I think 10x engineers do not actually exist, but maybe 0.1x engineers do, and when a 1x engineer is in such an environment they may seem like 10x by comparison.
I think both 0.1x engineers and 10x engineers exist.
0.1x engineer: one of my friends works at a certain government contractor. One of her coworkers had difficulty understanding short circuiting in evaluating boolean statements, everything he writes she needs to fix, he thinks XML is a programming language, and it's just a huge mess amongst a huge list of other complaints.
10x engineer: Actually, he's still in undergrad. I was his TA for a VR class and he made a pretty great clone of Beat Saber before it was released just from watching the trailer, and in under a week. He's never heard of Leetcode, yet is absolutely comfortable with interview questions (well, I decided he didn't need practice after asking a few questions...). He's had an internship at a FAANG and finished his project early and got bored. I introduced him to a few of my other friends in the industry and they are intimidated by him too. He's this rare combination where he has the theoretical knowledge of CS, but also excels at actual engineering work.
Both 0.1x engineers and 10x engineers just feel like they re on a "different level". I don't know how else to describe it .
As for whether or not looking for 10x engineers is practical, I don't think it is.
1) It took me way too long to confirm that feeling (i.e. I imagine interview questions alone aren't enough; you have to see the engineer working).
2) I imagine most companies don't even need a 10x engineer to build the product they need.
3) They're too rare. How do I know? Because (a) none of my friends have felt that before meeting him and (b)the whole industry is still debating on whether 10x engineers exist.
> 2) I imagine most companies don't even need a 10x engineer to build the product they need.
So true. 99% of businesses are CRUD and "complex-because-of-humans" business logic very rarely needs someone like Michael Abrash as a chief scientist to get the job done.
There are different ways of making teams more productive than doing just technical work.
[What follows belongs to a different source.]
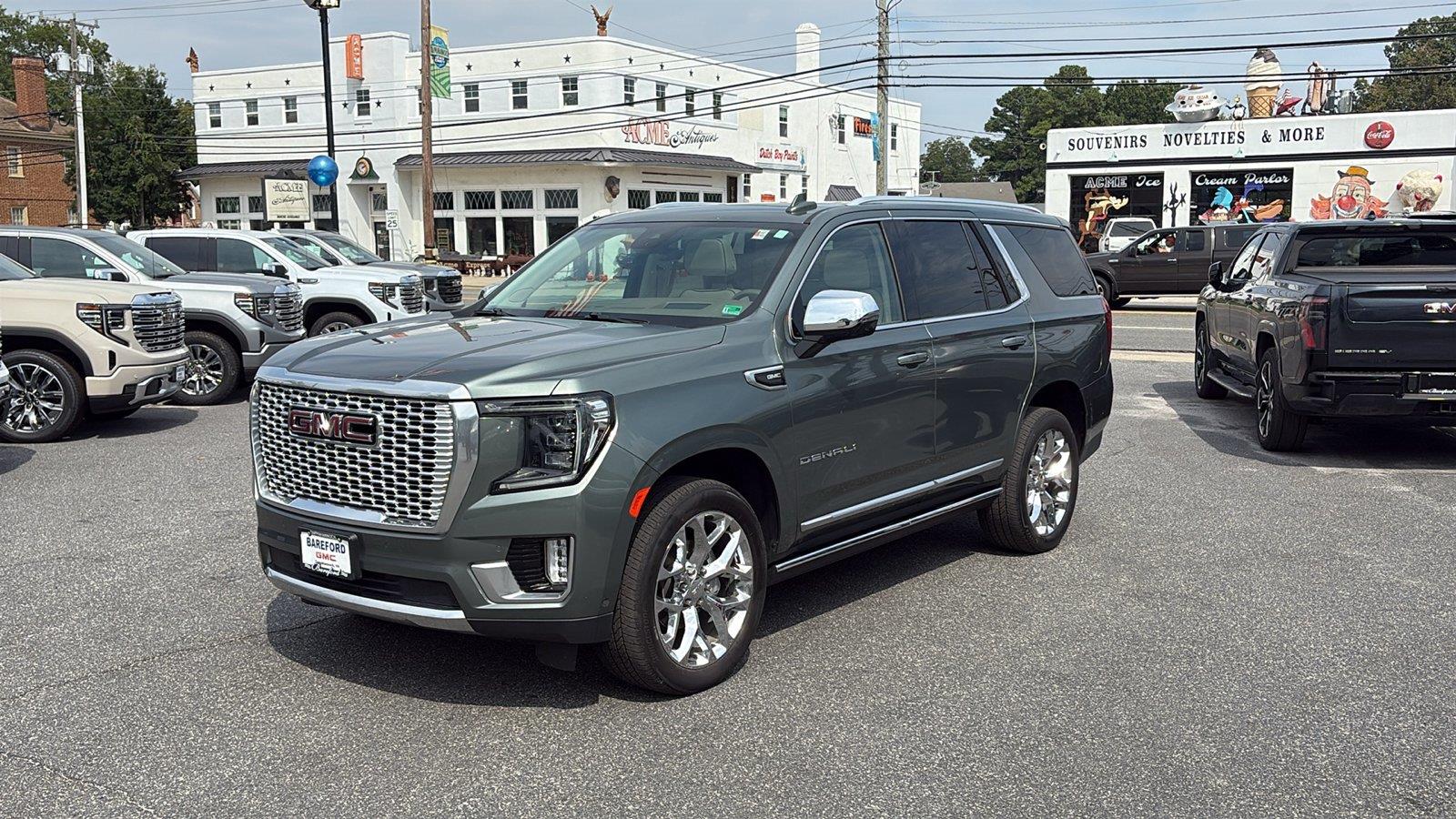 Frosted Pine Metallic 2024 GMC Yukon SUV / Crossover Four-Wheel Drive Automatic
For my own anecdote, I often can fix a lot of bugs/feature requests that come by in < 10 minutes, and often will. As soon as it is revealed that another dev will start contributing who has no prior experience, I stop most of that work and let that person take on some of those tasks & do the leftover ones. Mentorship/growing developer capabilities expands capabilities long term, even if the dev ends up moving to another project.
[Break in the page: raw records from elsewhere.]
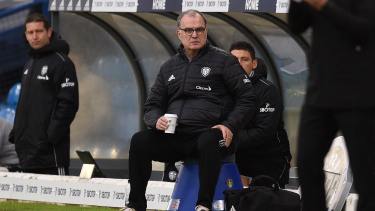 El equipo de Bielsa se mide con el de Mourinho.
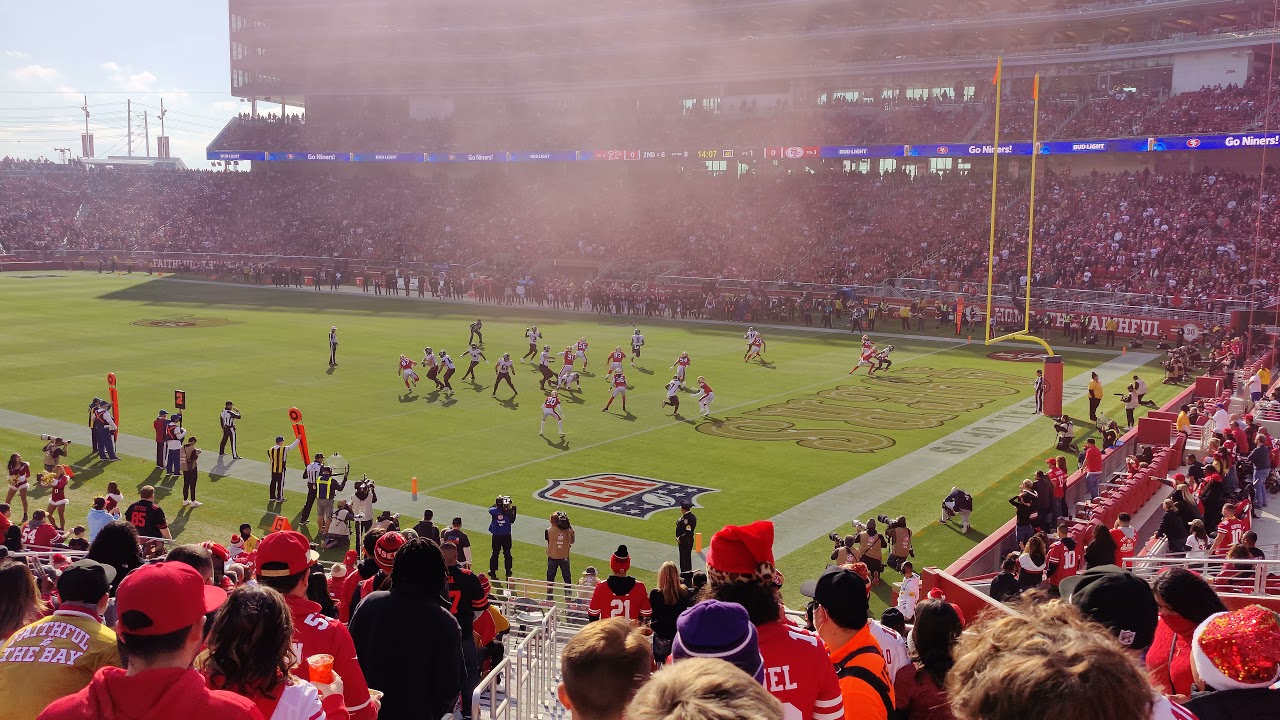 NFL ATL @ SFO 02 Q1 ATL driving, Levi's Stadium, 2021-12-19 - YouTube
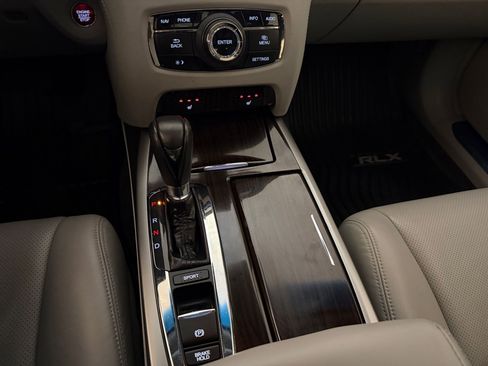 Used 2016 Acura RLX w/ Technology Package FWD image 17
I also spend the most time in meetings of any IC on my team - reducing how many ICs are in meetings frees up their time to learn and grow.
I often float ideas to people for approaches to problems and designing apps/systems/features - I’ll also let others do the same. However, I also often take a light touch and leave ultimate decision making to others so they can gain that experience even if I disagree. Letting others take ownership improves the team’s capabilities.
There are many ways to expand productivity of those around you that even those who aren’t as technically gifted can do. Leadership is a very underrated part of being an engineer IMO. I do all these things as a mid-level engineer in title, but gained massive respect from management & senior ICs where they come to me for advice/ideas. I don’t fall into the trap of jealousy that others are getting credit/hampering my ability to get promoted because my work speaks for itself & I celebrate when others do well - I have no reason to feel insecure, and so help unlock my team’s productivity by removing that ego in my actions.
It takes a very healthy work environment (and attentive management) for this kind of work to be noticed and rewarded. Unfortunately it's not often the case.
I have tried to take this approach many times and a lot of companies/managers absolutely do not value it.
Broadly speaking, it only works if management is really involved in the day-to-day (more like hour to hour, really) process of what you're doing. Then it is easy for them to see that you are lifting up those around you and elevating the team as a whole. Without this involvement, a "mentor" and "leader" winds up looking simply like "a guy who doesn't ship enough" to management.
At my last job, management was very... absentee. There was a shortage of management and this was a bottleneck. They relied on metrics too heavily (stories shipped, etc) and didn't understand the actual processes... who was mentoring and elevating others, and who was "highly productive" but was also leaving an absolute trail of technical debt in their wake.
It's a shame when management fails at understanding this aspect of the game because I feel like it's one of the simplest ones to understand.
Appeasing clients? Balancing profit/loss? Juggling fire-fighting and feature-shipping? Recruiting? Hiring?
Hard, hard, hard, hard, hard.
Listening to your developers, who generally just want to be productive and generally know more than anybody else about how they can be productive? (If not, why did you hire them, if they don't know how best to do their jobs?) Understanding that technical debt exists and exerts a massive drain on future productivity?
I feel like those are the easy parts of the job.
Of course, the onus is on developers to communicate these things well. Otherwise we can't blame management for not understanding them. But I have never seen process break down because developers weren't talking. It always seems to fail because management isn't listening.